04/16/2013 02:57 pm ET Updated Jun 16, 2013

Let's Find Common Ground on Guns

My father-in-law, Wilbert Knop, is a gun owner. A Southern Illinois farmer, "Grandpa Wib" owns a shotgun and two rifles that he uses rarely and stores in a safe place.

Pam Bosley lost her son to gun violence. A Chicago banker, Pam's son was killed in a drive-by shooting while helping a friend carry a drum set into a church concert. She wants her community to be a safe place.

Both Grandpa Wib and Pam must abide by the same gun laws. But they come at the issue from different perspectives.

These regional differences are on display in Springfield right now as the Illinois Legislature faces a court-ordered deadline. The U.S. Court of Appeals for the Seventh Circuit gave us until June to pass a law enabling some people to carry concealed, loaded firearms outside of their homes.

Because the state needs to get this law enacted quickly, and because opinions on firearms often differ based on where we live, I organized the Firearms Working Group for new members of the Illinois Legislature.
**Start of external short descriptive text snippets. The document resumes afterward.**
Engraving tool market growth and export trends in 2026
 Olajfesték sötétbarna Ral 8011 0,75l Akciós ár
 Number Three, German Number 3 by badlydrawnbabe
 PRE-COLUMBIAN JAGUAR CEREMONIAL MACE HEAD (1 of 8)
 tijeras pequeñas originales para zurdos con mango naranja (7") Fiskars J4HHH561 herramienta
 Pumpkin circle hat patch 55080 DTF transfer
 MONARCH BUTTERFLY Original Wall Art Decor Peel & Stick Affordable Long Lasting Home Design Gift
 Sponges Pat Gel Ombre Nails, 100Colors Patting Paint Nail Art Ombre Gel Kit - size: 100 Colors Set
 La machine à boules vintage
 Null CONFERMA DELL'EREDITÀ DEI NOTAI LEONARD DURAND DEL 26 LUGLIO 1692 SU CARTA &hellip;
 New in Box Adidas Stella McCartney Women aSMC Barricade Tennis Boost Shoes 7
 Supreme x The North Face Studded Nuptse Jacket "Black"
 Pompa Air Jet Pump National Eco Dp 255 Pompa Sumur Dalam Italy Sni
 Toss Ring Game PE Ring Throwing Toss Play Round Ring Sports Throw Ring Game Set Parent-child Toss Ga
The members came from urban, suburban and rural parts of the state to listen and learn. We met with firearms owners, families of shooting victims, state and local law enforcement officials, advocates for the mentally ill, advocates for survivors of domestic violence, and many others.

Several working group members and I found common ground in a set of principles legislators should use to evaluate legislation.

For example, local input. Much attention is focused on whether our state will be a "shall issue" or a "may issue" state, a way of describing whether there is any discretion in the issuing of concealed carry permits. I agree with St. Clair State's Attorney Brendan Kelly who told us that the distinction is not as critical as it may seem.

A Maryland court recently upheld a law that requires applicants to demonstrate a specific need to receive a permit. The law blurs the line between permits that are automatically issued and permits issued on a discretionary basis. Illinois should also allow local sheriffs and police chiefs to provide input on applicants before the state issues a permit. The bottom line is that we need to focus less on labels and more on the content of the law.

Cost is another real consideration. The Illinois State Police administers Firearm Owner Identification cards to make sure that only those who are qualified can purchase guns in Illinois. Issuing concealed carry permits will require even more work, since permit holders will be able to take their loaded firearms beyond their homes and property. We need to make sure that those who seek a permit pay for the safety checks that protect us.

Finally, our group learned that for many residents of our state, safety and constitutionality are important, but they are not mutually exclusive ideas. From gun owners to grieving parents, Illinoisans respect our constitution and our deeply held desire for safety. They agree that we should conduct comprehensive background checks and deny permits to people with mental illness or histories of domestic abuse.

We must respect our constitutional rights to firearms in the same way we respect our constitutional right to freedom of speech. We guard our freedoms in this country, and often that means balancing competing freedoms. It's not easy, but we have a track record of making it work.

Let's use our freedom of speech to not just speak, but to listen. Let's listen to the realities of our rural relatives and grieving parents. Let's listen to Illinoisans who want a smart, safe, constitutional law for our state.